BEGIN Data shown
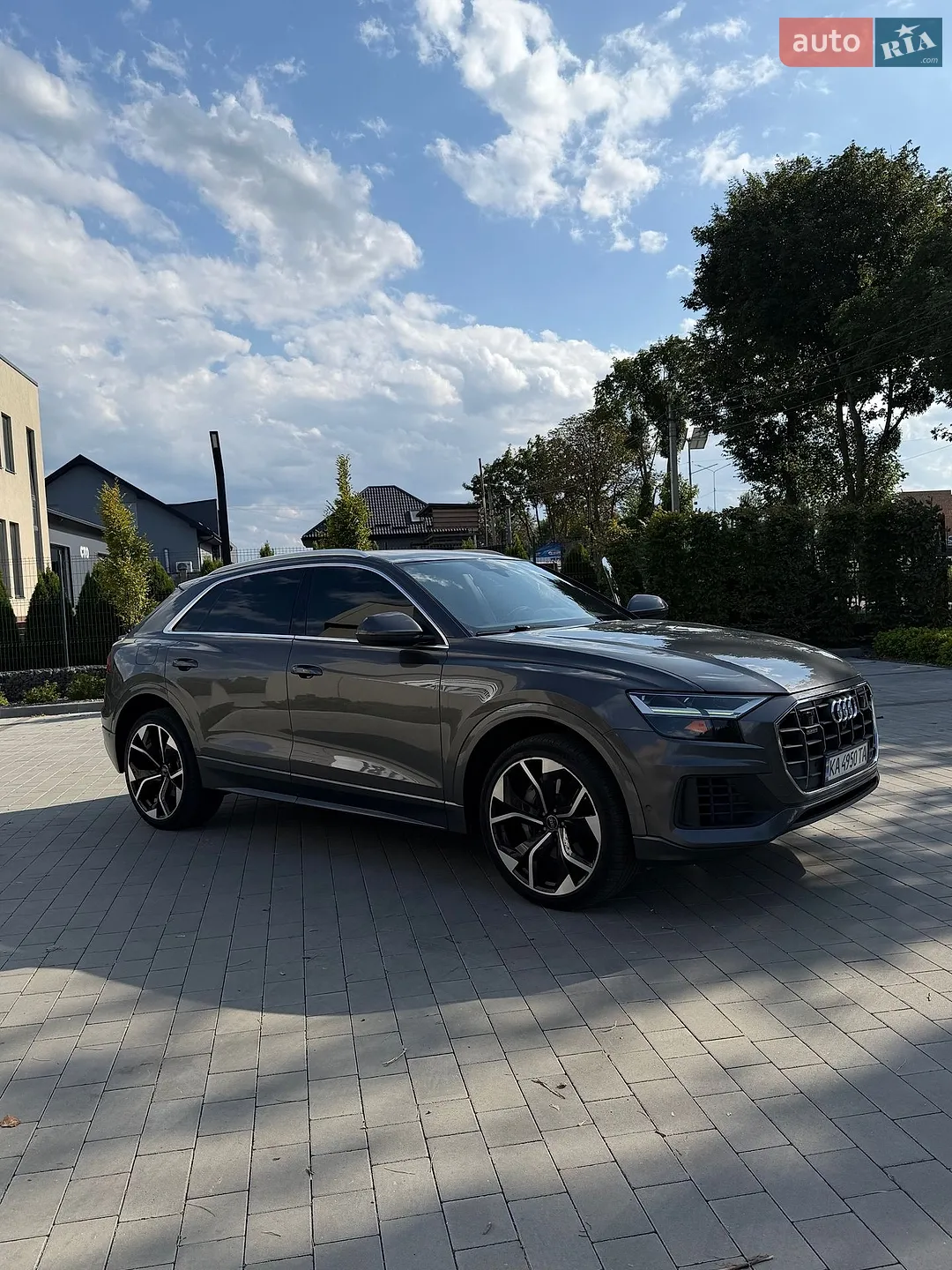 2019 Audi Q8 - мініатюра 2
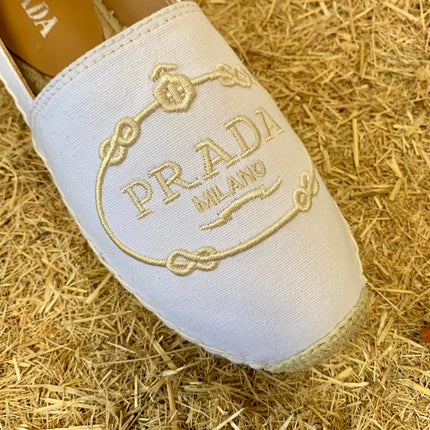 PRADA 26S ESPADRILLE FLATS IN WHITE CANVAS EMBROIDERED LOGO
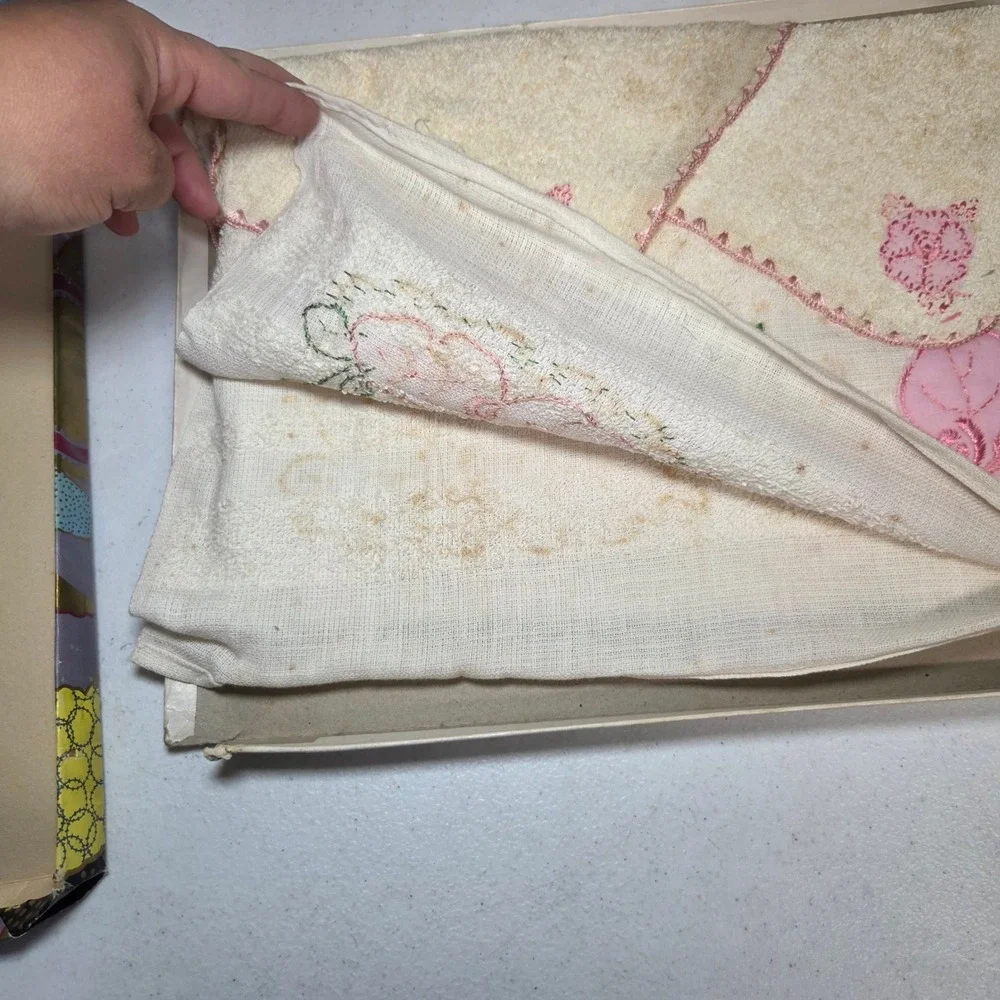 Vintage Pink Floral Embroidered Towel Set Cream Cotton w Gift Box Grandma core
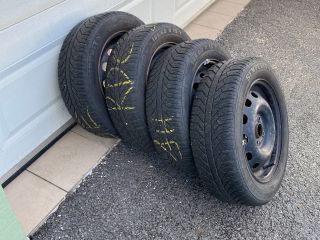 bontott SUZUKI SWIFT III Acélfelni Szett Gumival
END Data shown
What needs to be done →
Every line of the material must be returned exactly; leave the images out.

Solution for this problem →
 2019 Audi Q8 - мініатюра 2
 PRADA 26S ESPADRILLE FLATS IN WHITE CANVAS EMBROIDERED LOGO
 Vintage Pink Floral Embroidered Towel Set Cream Cotton w Gift Box Grandma core
 bontott SUZUKI SWIFT III Acélfelni Szett Gumival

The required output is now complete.